**Your assignment**. Set down the data below without change, skipping the pictures it holds.

**Records provided**.
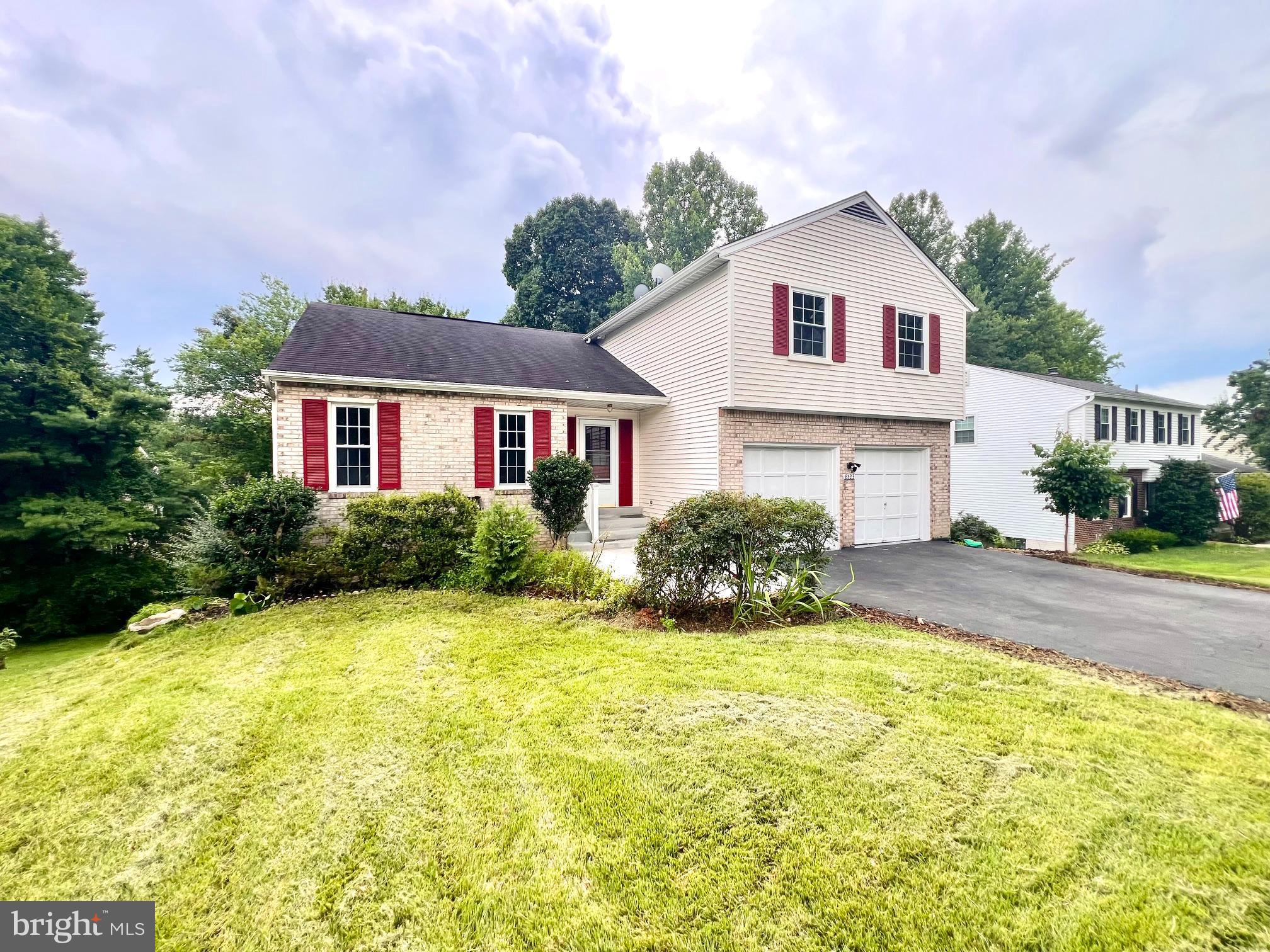 8523 Hooes Road Springfield, VA 22153 - Photo 3 of 3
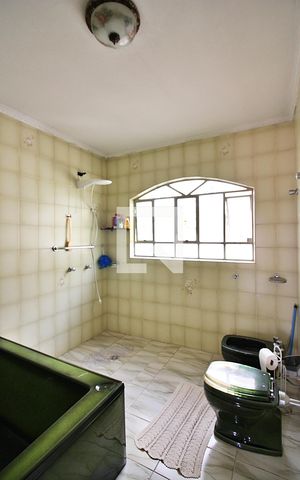 Casa à venda com 350m², 4 quartos e 2 vagasBanheiro do Quarto 1 - Suíte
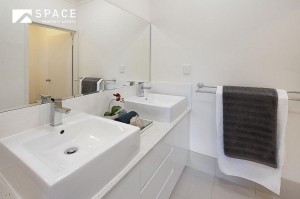 Bardon Ensuite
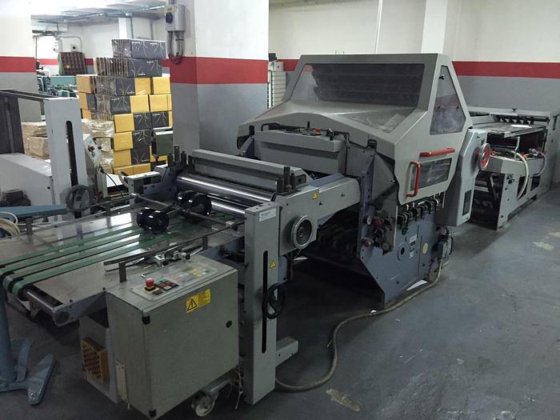 Papier VOUWMACHINE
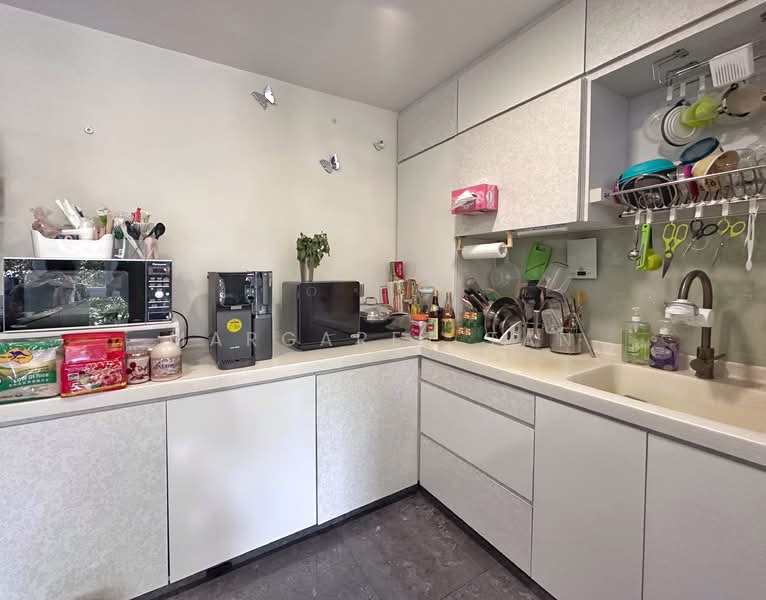 One K Green Lane, 1K Green Lane, 2 Bedrooms, 990 sqft, Condominium For Sale, by Margaret Tan, 500117201 - Kitchen - PropertyGuru.com.sg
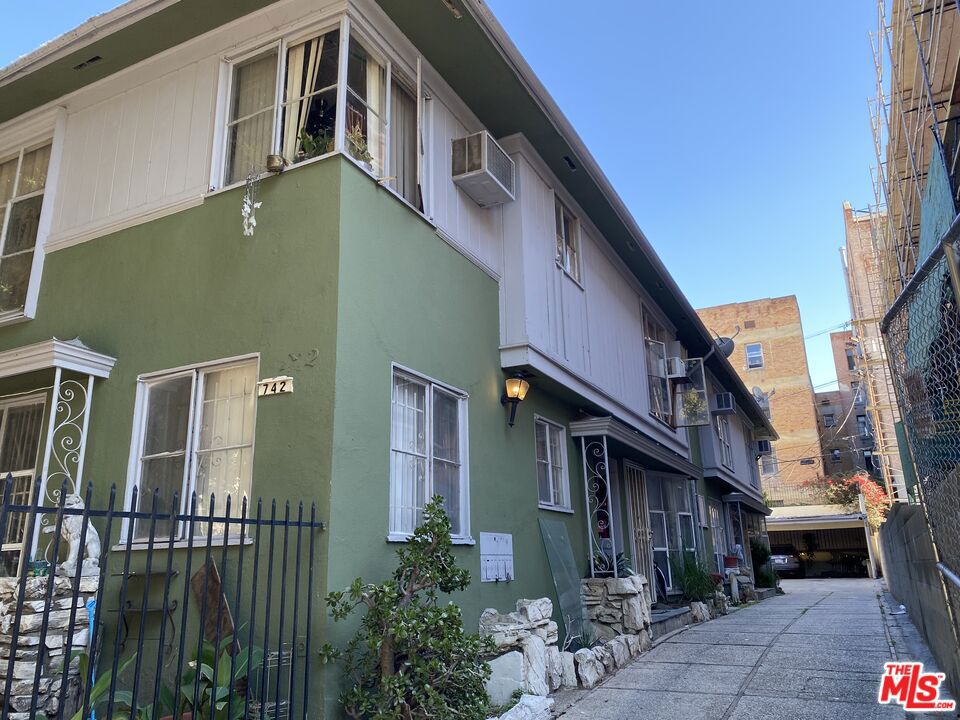 742 Irolo Street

**Problem solution**.
 8523 Hooes Road Springfield, VA 22153 - Photo 3 of 3
 Casa à venda com 350m², 4 quartos e 2 vagasBanheiro do Quarto 1 - Suíte
 Bardon Ensuite
 Papier VOUWMACHINE
 One K Green Lane, 1K Green Lane, 2 Bedrooms, 990 sqft, Condominium For Sale, by Margaret Tan, 500117201 - Kitchen - PropertyGuru.com.sg
 742 Irolo Street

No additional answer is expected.